# What is ToolBrain?

ToolBrain is a lightweight, open-source Python library designed to train **agentic systems** to use tools more effectively. At its core, ToolBrain uses trace-based learning, primarily with Reinforcement Learning (RL), to improve an LLM-powered agent's ability to reason and correctly use a given set of tools to accomplish a task.

## The Problem It Solves

Large Language Models (LLMs) are powerful, but their ability to interact with the outside world is limited. To overcome this, developers equip them with "tools" (e.g., functions, APIs). However, teaching an agent *how* and *when* to use these tools reliably is a significant challenge. Agents might fail to use a tool, use the wrong one, or provide incorrect parameters.

ToolBrain addresses this by providing a structured framework to fine-tune the agent's underlying model, rewarding it for correct tool usage and penalizing it for mistakes.

## Core Concepts

### 1. Trace-Based Learning

The fundamental unit of learning in ToolBrain is the **Trace**. A trace is a detailed log of everything that happens during an agent's attempt to solve a problem. It records every thought, every tool call, and every output.

- **`Trace`**: A list of `Turn` objects, representing the entire lifecycle of a task from the initial query to the final answer.
- **`Turn`**: A single interaction step within a trace. It captures:
    - `prompt_for_model`: The exact input the LLM saw.
    - `model_completion`: The exact raw text the LLM generated.
    - `parsed_completion`: A structured breakdown of the model's output (e.g., thought, tool code).
    - `tool_output`: The result from executing the tool code.

This high-fidelity data is essential for providing a clear and accurate learning signal to the model.

### 2. Reward Functions

A reward function is a Python callable that scores a `Trace` based on its success. The score, or "reward," tells the learning algorithm how well the agent performed. A higher reward signals a more desirable outcome.

ToolBrain offers several built-in reward functions and makes it easy to create your own:
- **`reward_exact_match`**: Rewards the agent if its final answer perfectly matches a "gold" answer.
- **`reward_tool_execution_success`**: Rewards the agent simply for executing a tool without errors.
- **LLM-as-a-Judge**: Uses a powerful external LLM (like GPT-4 or Gemini) to evaluate the agent's performance based on nuanced criteria.

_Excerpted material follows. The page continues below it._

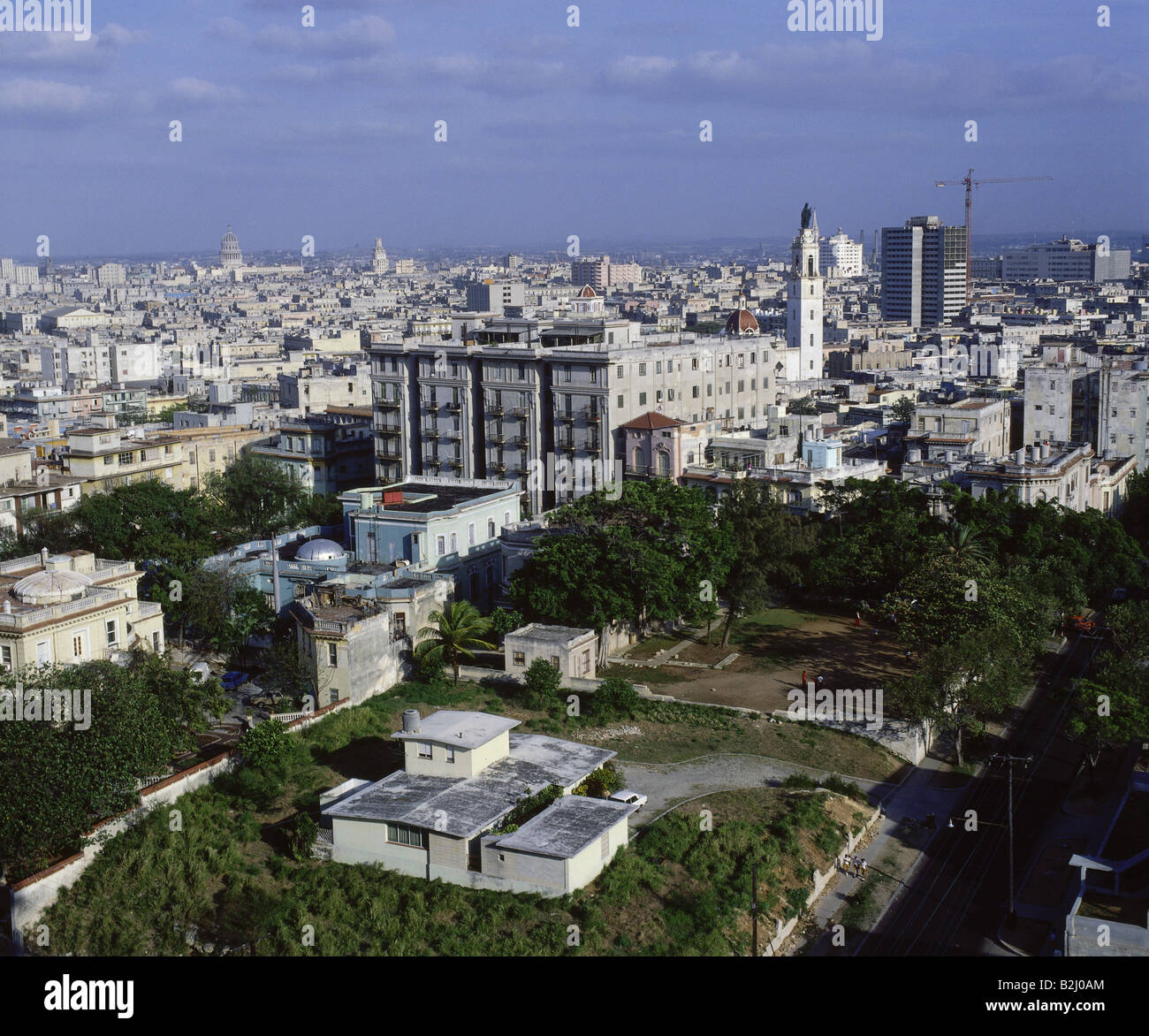 Geografia / viaggio, Cuba, l'Avana, vista sulla città / paesaggio urbano, panoramica, , Foto Stock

### 3. Reinforcement Learning (and more) for Agents

ToolBrain applies the rewards to the traces using different learning algorithms to fine-tune the agent's base model.

- **GRPO (Group-wise Reward Policy Optimization)**: The default RL algorithm. It collects a "group" of traces for a single task, scores them, and updates the model's policy to favor the strategies that led to higher rewards.
- **DPO (Direct Policy Optimization)**: An alternative RL algorithm that learns from pairs of "chosen" (high-reward) and "rejected" (low-reward) traces.
- **Supervised Learning**: Standard fine-tuning, useful for teaching the model basic conversational patterns or facts.

## High-Level Architecture

The library's design is simple and modular, revolving around a few key components:

1.  **`CodeAgent` (or other agent)**: The agent itself, responsible for executing tasks. ToolBrain is designed to be adaptable to different agent frameworks, but it comes with a tight integration for `smolagents.CodeAgent`.
2.  **`Brain`**: The central orchestrator. You initialize the `Brain` with your agent, a learning algorithm, and a reward function. It manages the entire training loop, from collecting traces to updating the model.
3.  **Traces & Rewards**: The data and feedback loop that powers the learning process.

By combining these components, ToolBrain provides a powerful and flexible system for systematically improving the reliability and intelligence of your tool-using agents.